I think we can keep the 2 books for instance and change the default once we have the ideas clear. It will be interessant to find a patch that shows a big gap between the 2 books. Green to "closed book" and red to "noob book". Then we can conclude.

xoto10 commented 4 years ago

Last night I was thinking this was a big development ... now seeing the results of the reruns, it seems it doesn't make much difference at all. Perhaps there is a subtle change that we will become aware of over time.
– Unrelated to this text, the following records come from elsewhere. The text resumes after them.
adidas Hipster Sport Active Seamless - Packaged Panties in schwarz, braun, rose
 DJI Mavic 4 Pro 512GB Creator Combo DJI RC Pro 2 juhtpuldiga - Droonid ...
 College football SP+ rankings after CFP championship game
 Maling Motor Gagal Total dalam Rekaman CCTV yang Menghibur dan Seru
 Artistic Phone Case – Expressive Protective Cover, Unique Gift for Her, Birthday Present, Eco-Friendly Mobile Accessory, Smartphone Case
At the moment (very early of course), it seems the lower draw rate is perhaps the main change (benefit?) of this.

My main concern if we switch to using this book for the medium term remains the beginning of the game. If we want sf to get better at the early moves, surely we need a test book that includes small ply openings (say 0-5) as well as longer ones?

miguel-l commented 4 years ago

The way I understand it is that we get positions which, in its games Stockfish closes the position (please correct me if I misunderstood something). But what about games that Stockfish fails to close the position? For example, when searching from root, very commonly we see the exchange French, etc. Something feels off about it.

NKONSTANTAKIS commented 4 years ago

I believe that the beginning of the game is too vague to be helped by eval, due to very high availability of viable options and different setups. But as the midgame eval becomes more accurate, it will show at openings via better steering of search.

This book should not be regarded as a specialized closed position book, but as an attempt for a more balanced general book in regards to position type. The conditioning is soft and leads to open positions too. The problem with typical books is that they are balanced in regards to viable opening availability, thus tiny signal of truly closed positions. SF has problem with those for 3 reasons:

Rarity of occurence, as explained
Vastly different characteristics
Inefficiency of search (as their long-term nature, where 1 pawn move can ruin the prospects forever, entering a distant dead-end)

Search inefficiency (and unfortunate setup selection) has partly to do with seeking generically favorable evals: A highly valued bonus in a static position acts like a black hole for the search. It sucks up all the resources to that direction, because it "believes" its something supreme, blinding it for alternatives. An example is a very deep knight outpost at totally blocked flank + space advantage. Totally useless at a glance for chess players, but SF aiming for it form early game even.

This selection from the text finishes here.